The Debt-to-Worth Ratio shows the degree of protection that is provided by the company’s creditors. The higher the ratio, the more leverage there is in the company and the more of the company’s assets which are funded by debt. This measures the company’s ability to liquidate its assets in order to retire debt. It can also be used by the reader to measure how much a company can reduce the valuation of its assets before creditors may sustain a loss.
This ratio can vary greatly between industries and companies in an industry. It can also vary by how a company is set up. For instance, S-Corporations, partnerships and some LLCs are set up as a pass through entity where the tax liability is transferred from the corporate level to the personal partners or members. Often, distributions will be made to the owners to help them satisfy tax liability that was created by the company operation. This can reduce equity in the company.
The ratio is calculated as follows: Total Liabilities / Net Worth = Debt-to-Worth Ratio
If a company is in a negative equity situation or has assets with values that are lower than the total of the liabilities, that company is considered insolvent.
If we have a company with $2MM in liabilities and $1MM in equity then the Debt-to-Worth (D/W) is 2:1. So for every $1 the owners have at stake, the creditors have $2 at risk. These relative values could be much different if the market or liquidation values differ greatly from what is shown on the balance sheet.
The Debt-to-Tangible Worth Ratio is slightly more conservative than the D/W Ratio. This removes any intangible value from the equity side of the equation. If our company above had $500K of value in goodwill, a patent, trademark or other intangible asset, this would be removed from the equity side of the equation.
The calculation here is: Total Liabilities / (Net Worth – Intangible Assets) = Debt-to-Tangible Net Worth Ratio.

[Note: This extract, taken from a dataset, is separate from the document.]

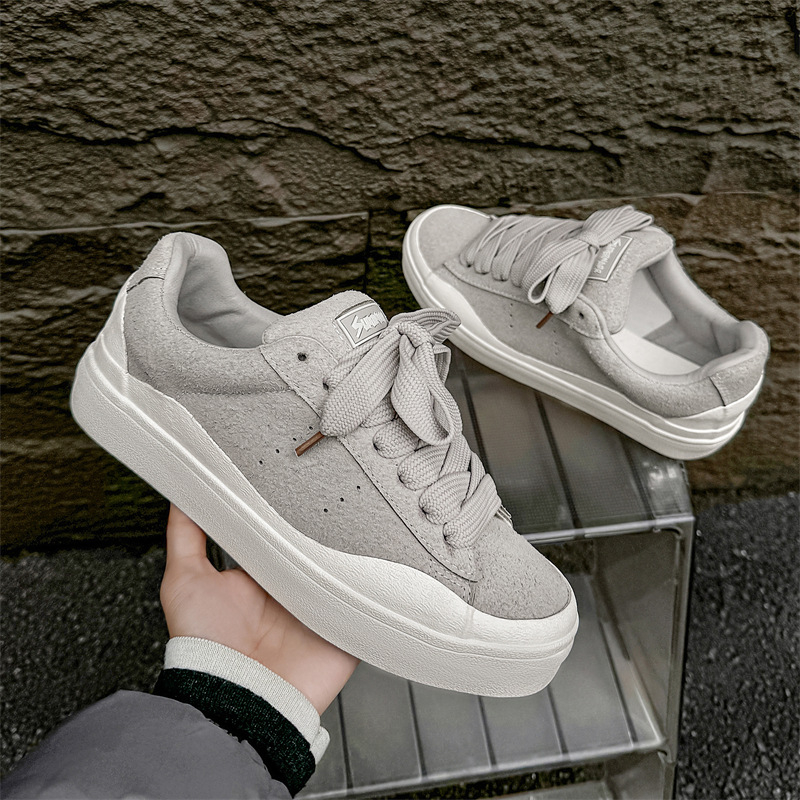 Férfi boardcipők Trendi niche High Street férficipők 2025 Four Seasons platform univerzális divatos cipők Divatos hétköznapi egyrétegű cipők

$2MM / ($1MM-500K) = 4:0 In this case you can see that removing the intangible assets makes the leverage increase.
The Long Term Debt to Net Fixed Assets Ratio measures the amount of debt that funds the fixed assets of the company. If you had a value of 0.54, then 54 cents of each dollar of assets is funded by debt; the other 46 cents is funded by equity.
The Debt-to-Capitalization Ratio is often used by bond rating agencies like Moody’s and S&P to measure the permanent capital of a company—its long term debt and net worth. This shows what percentage of the company’s permanent capital is financed with debt compared to equity. This ratio ignores any short term liabilities that may be tied to financing receivables or inventory and may be repaid by current asset turnover or seasonality changes. This also shows how the company is relying on long term debt which finances assets and the level of profitable operations to support the leverage. The calculation is as follows: Long-Term Debt / (Long-Term Debt + Net Worth) = Debt-to-Capitalization Ratio
If our example above has $1.5MM in long term debt and $1MM in net worth, the calculations would be as follows:
1.5MM / (1.5MM + 1MM) = 0.60 The company’s long term creditors would supply 60 cents and the investors would supply the other 40 cents of each dollar of capital.